These “bad relationships” are a great escape from real life. They give you the chance to lose yourself in someone else’s drama… or your own created drama. When you’re spending hours trying to figure out how he feels…where this is going… what he meant when he said X…why he’s taking so long to text back, you don’t really have to face yourself. You lose yourself in the emotional high of it all. This happens even more so if your guy has a lot of emotional baggage. Investing in his problems is like a vacation from dealing with your own.
But in a good relationship… a relationship where you’re on the same page, when you aren’t waiting anxiously for the next text, a relationship where you just know how he feels and there is zero need to question or wonder (and doing so would almost feel ridiculous)… well those are the relationships that bring you face to face with who you truly are. Sometimes they will bring out the best in you because we all have inherent goodness within us. And sometimes they will bring out the worst in you because a lot of us have been burned in the past or are holding onto traumas from the past that we didn’t even realize were still buried within us.
Sometimes there will be nothing wrong in the relationship but you will feel sad or anxious or upset. You won’t be able to blame this on the fact that he didn’t call or text or that you’re not his girlfriend or he hasn’t said I love you because he never leaves you hanging….he was proud to call you his girlfriend…he adores you and you know he does.
The feelings aren’t coming from him; they’re coming from you. If you’ve been hurt in the past, these feelings of unease are your deep-seated trust issues coming to the surface. If you can’t seem to trust that he’ll be there for you, then out come the fears of abandonment.

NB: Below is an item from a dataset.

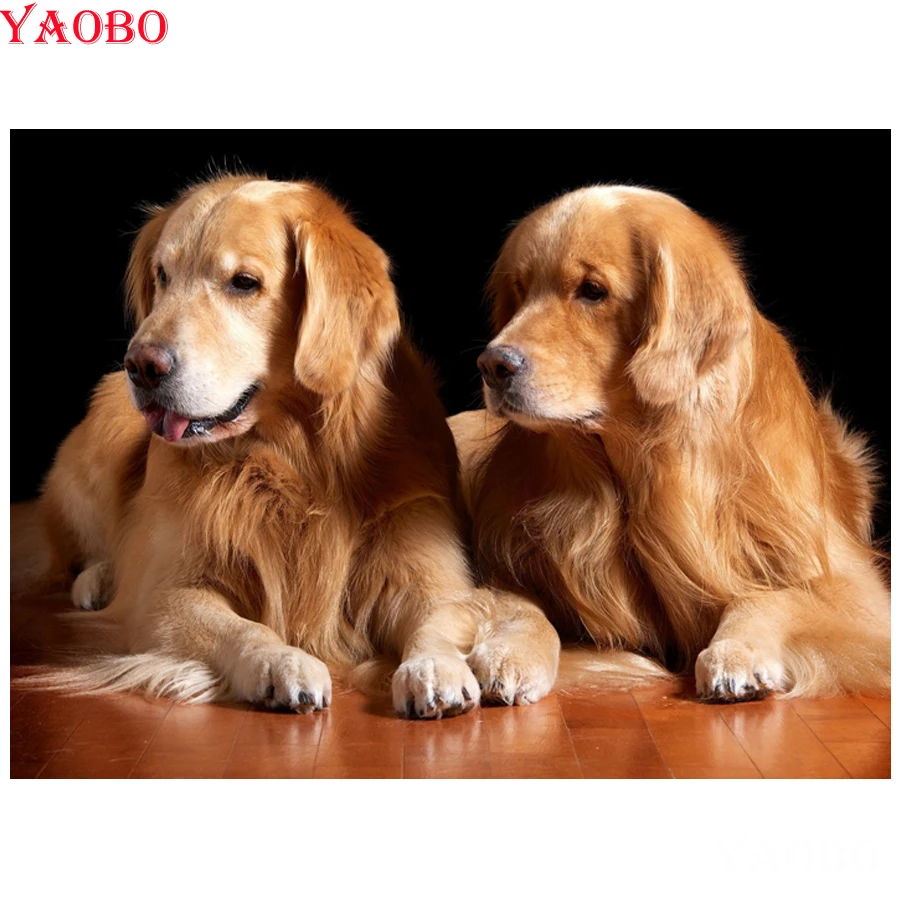 

5D square DIY Diamond Painting Golden Retriever Wall Picture Daimond Embroidery cute pet Cross Stitch kits Mosaic Home Decor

In a good relationship, your actions, your mindset, your behavior, the things you say, and so forth all impact someone else. Sometimes you will really hurt them and will realize how insensitive you can be. Sometimes you won’t recognize that he had a really tough day and needs your support because you’re stuck in your own head and consumed with your own issues. Sometimes he’ll say something innocent and it will become a huge fight because that innocent comment hit an open wound that you didn’t even know existed.
Love forces you to face yourself. Love brings up all that is unloved within us. And you can’t hide who you are when you are in a good, loving relationship. Instead you are forced to face it and deal with it. Your partner will always reflect back who you really are (and vice versa).